Apache Airflow is a powerful tool for managing and scheduling data pipelines.

It allows you to define your data processing workflows as directed acyclic graphs (DAGs) and manage their execution in a scalable and reliable manner.

In this blog, I will explain how to deploy Apache Airflow on Oracle Cloud Infrastructure (OCI) with MySQL HeatWave Database Service as the backend store.

By using this setup, you can take advantage of the scalability and performance of OCI to run your data pipelines at scale. In the following sections, we will walk through the steps to set up and configure Apache Airflow on OCI, as well as how to connect it to the MySQL HeatWave database service.

Apche Airflow will be installed on a Compute instance in OCI, the deployment is very easy using the OCI Resource Manager Stack shared in this blog post. You can also use only the Terraform modules to deploy Apache Airflow in your existing architecture:

Terraform Output

Architectures

With the modules you can deploy architectures like these:

Architecture with Single DB Instance
with a single MDS instance
DB Instance with High Availability
with MDS High Availability
DB Instance with HeatWave Cluster
with HeatWave Cluster

We will use the exact same modules built into a stack for OCI’s Resource Manager. This will allow us to deploy the architecture just in few clicks.

Deployment

We open in a browser the following GitHub repository: https://github.com/lefred/oci-airflow-mds and we click on the Deploy to Oracle Cloud button:

Deploy to Oracle Cloud

If you have already an OCI account and you are logged in Oracle Cloud’s console, you will see the following screen and you need to accept the Oracle Terms of Use:

Resource Manager Stack Creation

If you don’t have an account yet, I encourage you to get a free account with $300 credits to test HeatWave, click here !

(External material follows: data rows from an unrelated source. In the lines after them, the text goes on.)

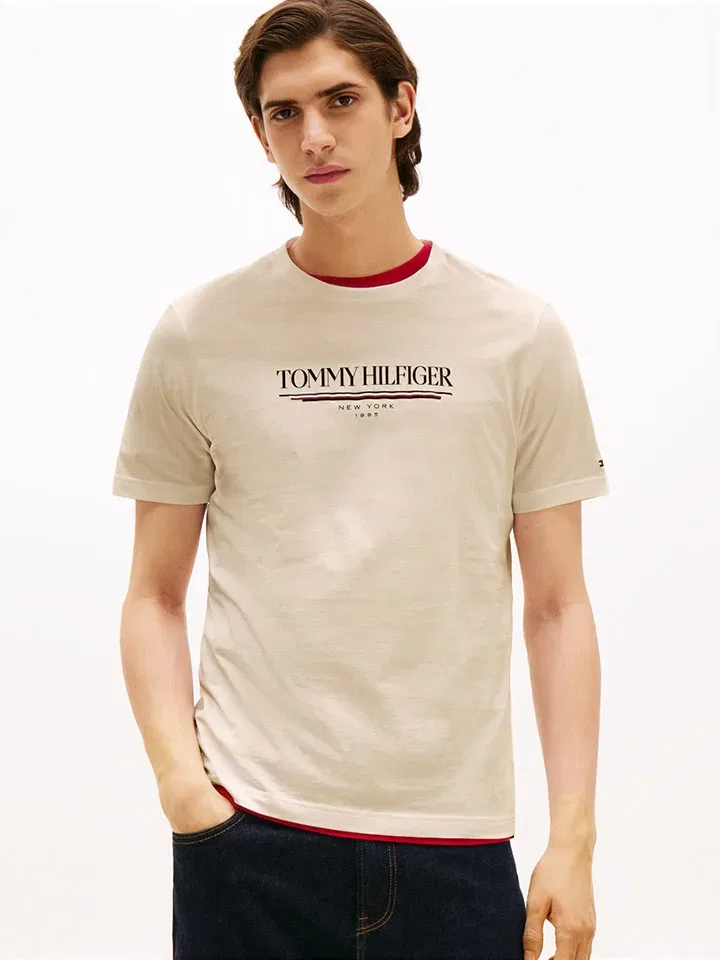 Футболка с принтом Tommy Hilfiger, кремовый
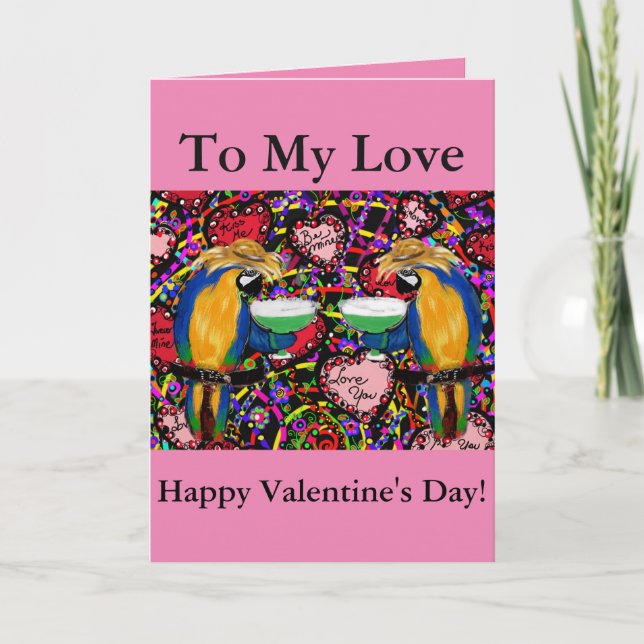 Valentine Parrots Holiday Card (Front)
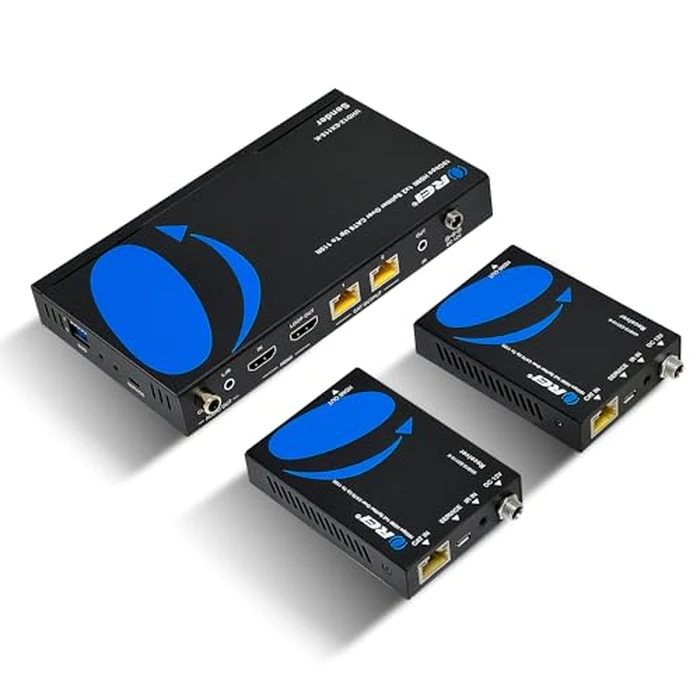 OREI 1x2 HDMI Extender Splitter 4K by Multiple Over Single Cable CAT6/7 4K@60Hz 4:4:4 HDCP 2.2 with IR Remote EDID Management - Up to 115 Ft - Loop Out - Low Latency - Full Support by OREI - Image 1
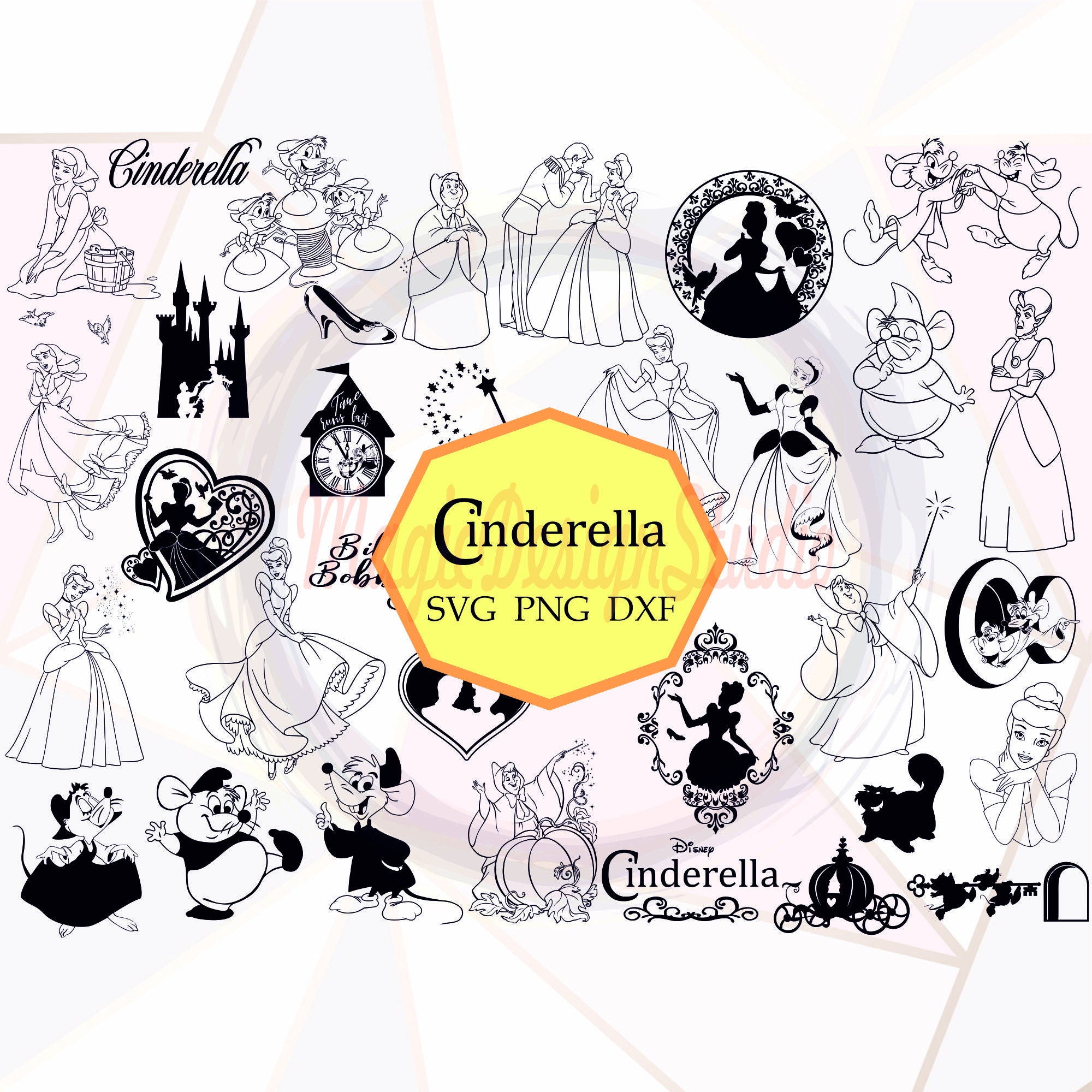 Disney Cinderella Shoe SVG, Disney Cinderella Princess SVG, Disney Princess  SVG, Disneyland PNG DXF Cut File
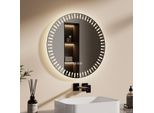 Emke Specchio Da Bagno Con Illuminazione Specchio Led 50 Cm Con Antiappannamento, Dimmerabile 3 Colori Di Luce Specchio Da Bagno Rotondo Specchio Da Parete Con Interruttore A Sfioramento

Once the Term of Use accepted, the form will be filled and you can modify some entries and click next when ready:

Resource Mananger Stack Information

Se second Wizard’s screen is dedicated to the variables. There are already several default values. You can of course change them. This is in this section that you also decide which architecture you want to deploy (single MDS instance, HA, HeatWave):

Resource Mananger Stack - Variables Configuration

Some fields are not yet filled and are mandatory like the email address of the airflow admin user:

Resource Mananger Stack - Airflow variables

If you don’t want to immediately deploy a HeatWave Cluster, you can still do it later but you must use a compatible shape already:

Resource Mananger Stack - Shapes

After the reviewing the information, you can Create the stack and Apply the job to deploy the resources:

Resource Mananger Stack - Creation Summary

Deployment

OCI’s Resource Manager starts deploying all the resources. You can follow the logs and when finished you can see the output information you need to connect to Airflow:

Resource Mananger Stack - Apply Job Logs

You can always retrieve the useful output values for the Job from the Outputs section:

Resource Mananger Stack - Apply Job Outputs

Airflow

Now you can connect to Airflow using the credentials you entered in the stack wizard:

Airflow - Sign In
Airflow DAGs

Airflow is using mysql-connector-python to connect to MDS.

Please note that for the moment, deploying airflow on Arm does not work, there are some pip dependencies not building. So please pay attention to not use the Ampere shape for the airflow compute instance.

Yet another nice open source program using MySQL Database Service deployed on OCI very quickly !

Enjoy MySQL, MySQL HeatWave Database Service and Apache Airflow !